Not only this, the Chhattisgarh Police, as part of their urban crackdown over the last couple of months, seized 82-84 small arms, 60 motorola sets, uniforms enough to clothe six battalions and 81 GB worth of Naxal material that they are yet to scan.
The urban network of the Naxalites in Chhattisgarh consisted not only of lawyers, tailors but an entire travel agency under whose cover 10-12 Naxal supporters were ferrying Maoist leaders from Raipur to camps in the interiors and transporting arms consignments and other material. The travel agency has since been busted and a good part of its staff arrested for abetting Naxal activities.
The main source of Naxals’ funds are extortion from road contractors, tendu patta contractors, mining companies, illegal mining activities and other industrialists having operations in the Naxal-infested areas. In Jharkhand, in particular, the Naxalites extort significant amounts of money from illegal coal miners.
The estimated Rs 1,000-crore annual budget of the Naxalites is an obvious source of worry for the Centre as it matches the police modernisation funds that it has been disbursing to the states. It also goes against the Union home minister Shivraj Patil’s recent assertion in Parliament that the threat of Naxalism was being exaggerated by the Opposition.
After all, with a generous budget of Rs 1,000 crore, the Naxalites are now no longer relying on weapons and ammunition looted from the police for their firepower.

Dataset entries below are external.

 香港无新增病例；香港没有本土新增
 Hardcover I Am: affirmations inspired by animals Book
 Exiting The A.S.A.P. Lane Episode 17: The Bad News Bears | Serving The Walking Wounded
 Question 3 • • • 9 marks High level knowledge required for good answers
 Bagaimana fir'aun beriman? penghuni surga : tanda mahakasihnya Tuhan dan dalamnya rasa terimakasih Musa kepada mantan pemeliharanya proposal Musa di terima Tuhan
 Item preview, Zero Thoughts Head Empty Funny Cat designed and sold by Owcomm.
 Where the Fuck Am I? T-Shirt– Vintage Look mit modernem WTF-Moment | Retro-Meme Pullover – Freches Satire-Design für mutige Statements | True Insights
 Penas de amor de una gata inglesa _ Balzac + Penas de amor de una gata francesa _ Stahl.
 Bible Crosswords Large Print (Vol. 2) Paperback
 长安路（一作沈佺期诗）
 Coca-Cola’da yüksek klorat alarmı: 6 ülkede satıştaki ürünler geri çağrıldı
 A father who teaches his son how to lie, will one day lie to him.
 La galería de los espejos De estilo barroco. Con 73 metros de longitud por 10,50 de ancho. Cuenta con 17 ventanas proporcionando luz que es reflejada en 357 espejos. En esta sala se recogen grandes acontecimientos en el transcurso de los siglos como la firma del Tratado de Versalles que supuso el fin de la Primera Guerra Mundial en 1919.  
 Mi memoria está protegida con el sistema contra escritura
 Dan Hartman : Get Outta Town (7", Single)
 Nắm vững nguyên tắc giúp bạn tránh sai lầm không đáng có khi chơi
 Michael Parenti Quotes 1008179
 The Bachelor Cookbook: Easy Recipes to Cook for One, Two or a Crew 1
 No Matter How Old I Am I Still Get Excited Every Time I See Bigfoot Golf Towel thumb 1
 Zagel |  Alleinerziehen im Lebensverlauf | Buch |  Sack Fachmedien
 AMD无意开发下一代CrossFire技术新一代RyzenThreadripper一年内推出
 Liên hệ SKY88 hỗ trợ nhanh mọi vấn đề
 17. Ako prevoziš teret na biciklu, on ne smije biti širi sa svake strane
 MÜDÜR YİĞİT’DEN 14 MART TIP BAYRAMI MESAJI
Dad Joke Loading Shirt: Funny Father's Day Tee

As evident from some of the independently-procured AK-47s seized recently, the Naxalites are now actually buying these sophisticated arms from around the world and having the consignments shipped clandestinely to India or picked up from the north-eastern borders.
According to sources in Chhattisgarh Police, interrogation of arrested urban supporters of Maoists have thrown light on an aborted bid to buy AK-47s from Australian dealers and have them illegally shipped to India via Malaysia. Similarly, West Bengal police have confirmed the despatch of an arms consignment from the north-east, via West Bengal.